(Beginning of PROVIDED RECORDS)

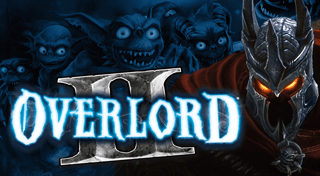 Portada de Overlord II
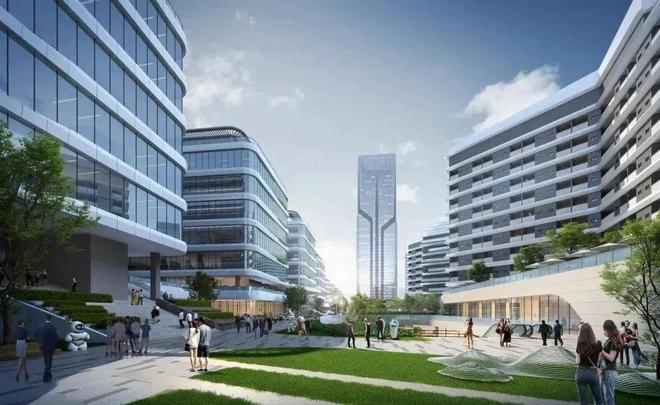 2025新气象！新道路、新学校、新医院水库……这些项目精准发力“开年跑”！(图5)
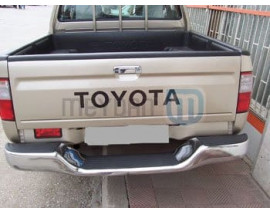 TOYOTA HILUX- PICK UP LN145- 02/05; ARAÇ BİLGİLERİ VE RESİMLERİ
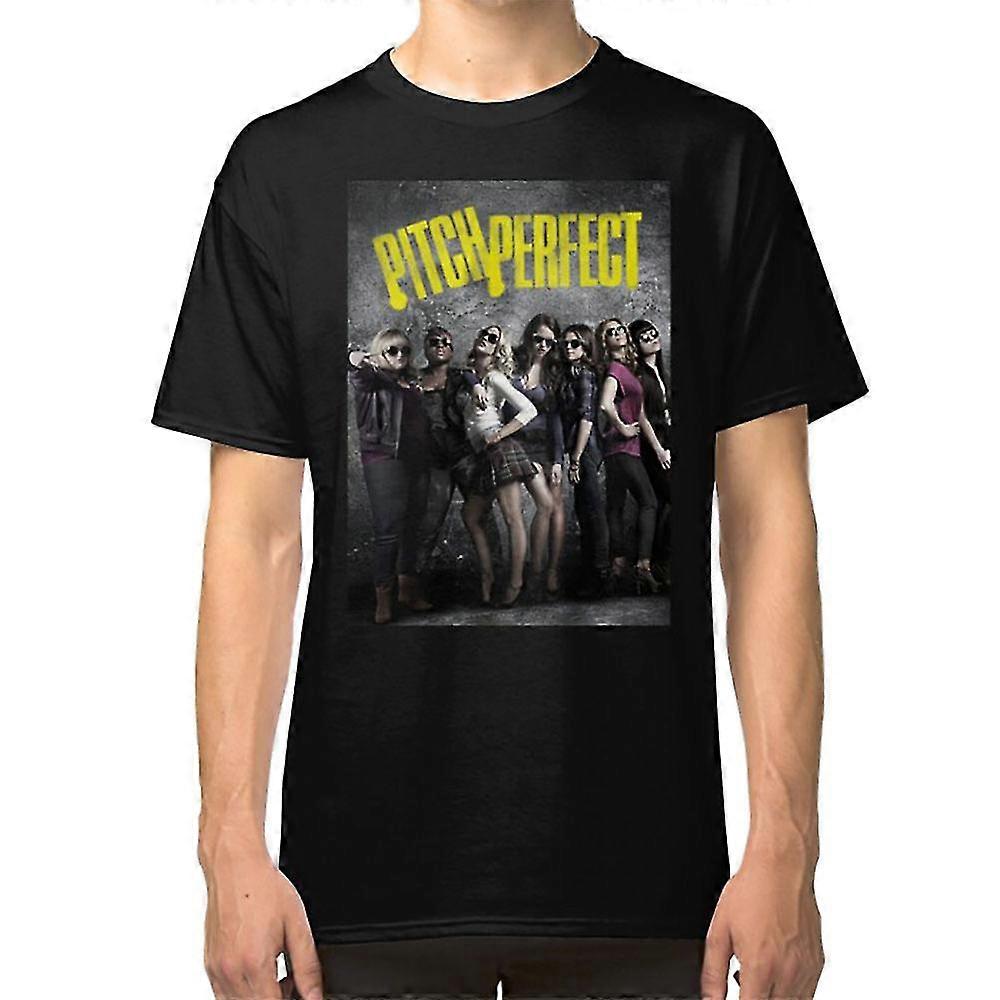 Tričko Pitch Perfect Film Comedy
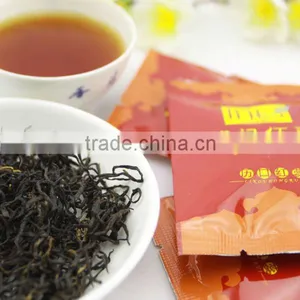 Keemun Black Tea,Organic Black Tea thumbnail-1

(End of PROVIDED RECORDS)

ACTIVITY
Set down the line containing "Tričko Pitch Perfect Film Comedy", then every later line through the end of the material, exactly as written; omit any picture.

SOLUTION TO THE EXERCISE
 Tričko Pitch Perfect Film Comedy
 Keemun Black Tea,Organic Black Tea thumbnail-1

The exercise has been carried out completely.